TASK DETAILS :: Could you restate the data below word for word, without its pictures?

-----

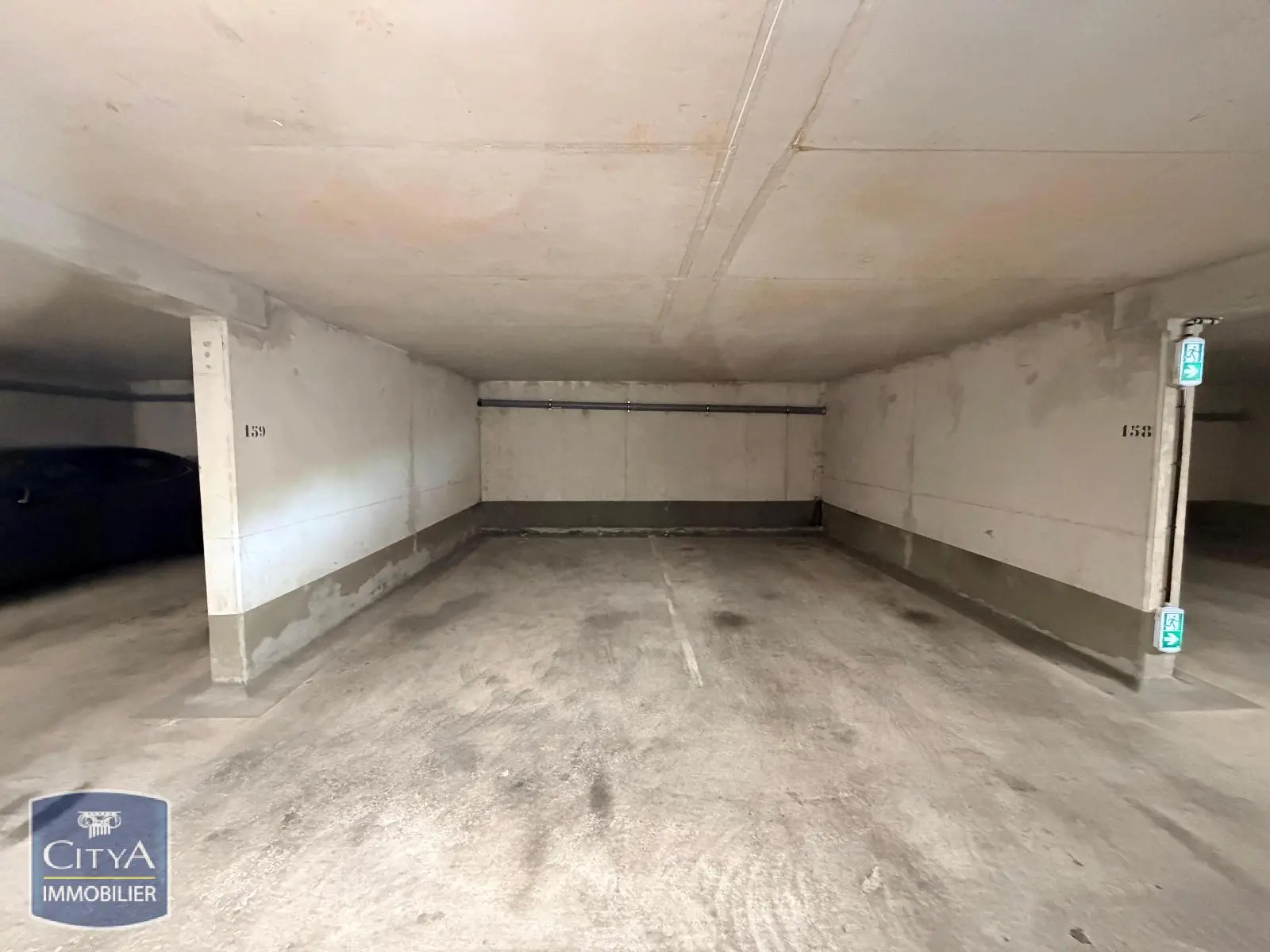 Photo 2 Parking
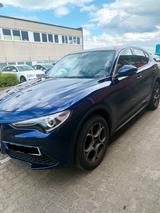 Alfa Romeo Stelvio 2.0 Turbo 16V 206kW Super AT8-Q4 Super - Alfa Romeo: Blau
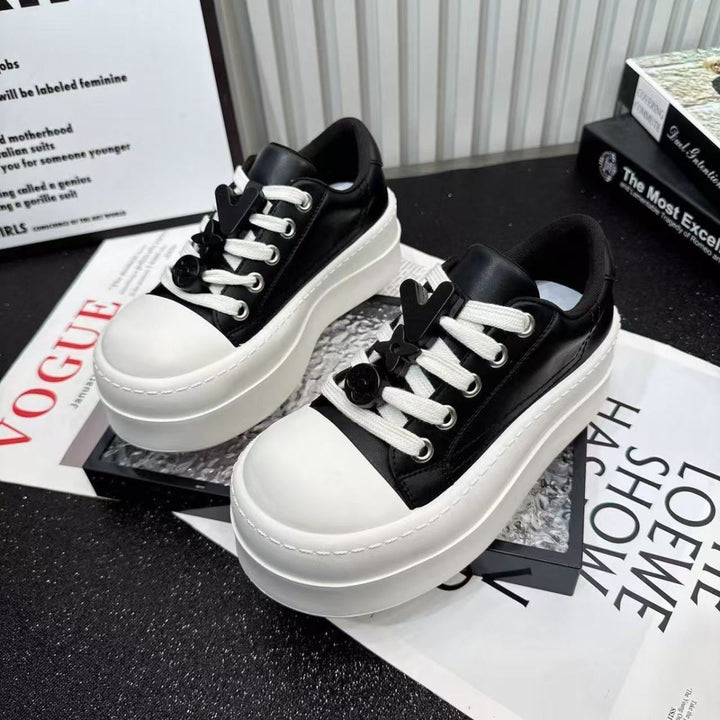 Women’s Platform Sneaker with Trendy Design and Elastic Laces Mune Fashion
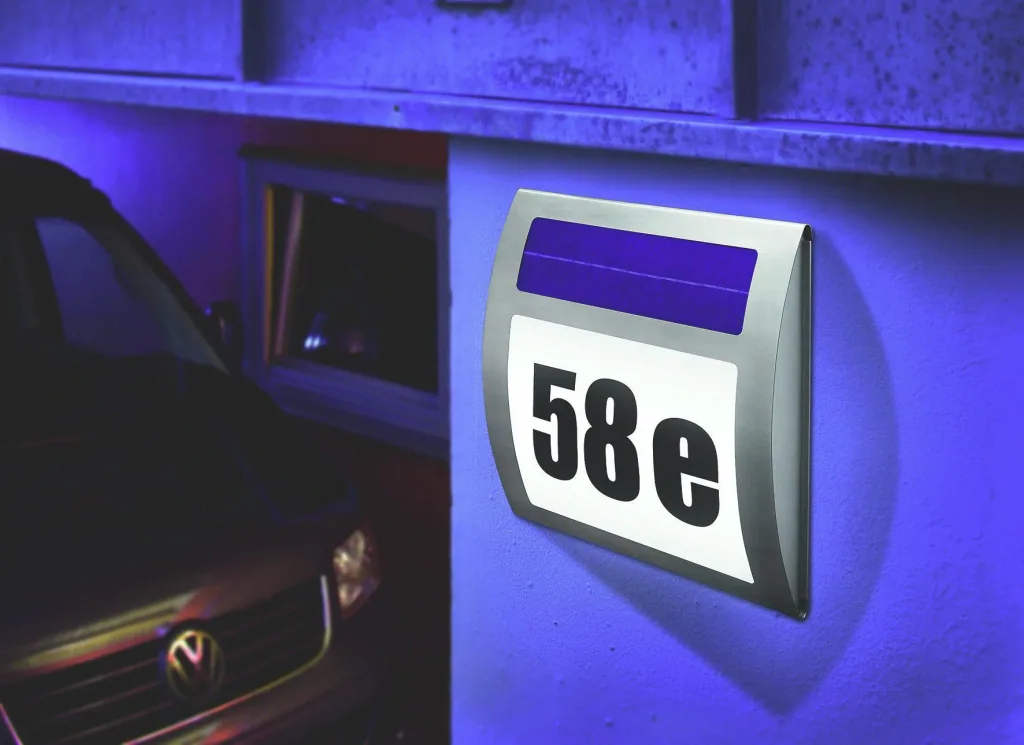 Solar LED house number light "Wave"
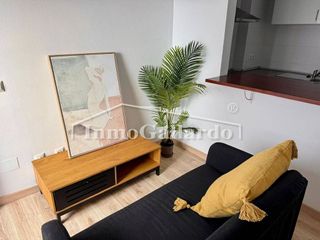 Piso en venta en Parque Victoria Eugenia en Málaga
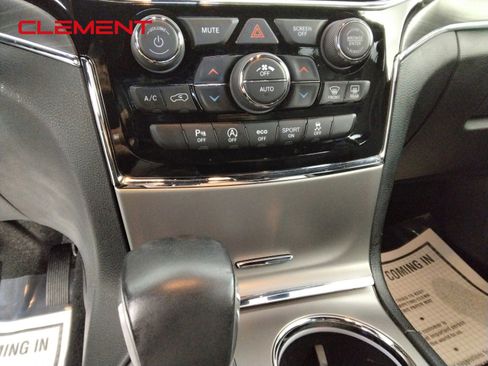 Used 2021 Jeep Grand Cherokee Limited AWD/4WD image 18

-----

SOLVED PROBLEM ::
 Photo 2 Parking
 Alfa Romeo Stelvio 2.0 Turbo 16V 206kW Super AT8-Q4 Super - Alfa Romeo: Blau
 Women’s Platform Sneaker with Trendy Design and Elastic Laces Mune Fashion
 Solar LED house number light "Wave"
 Piso en venta en Parque Victoria Eugenia en Málaga
 Used 2021 Jeep Grand Cherokee Limited AWD/4WD image 18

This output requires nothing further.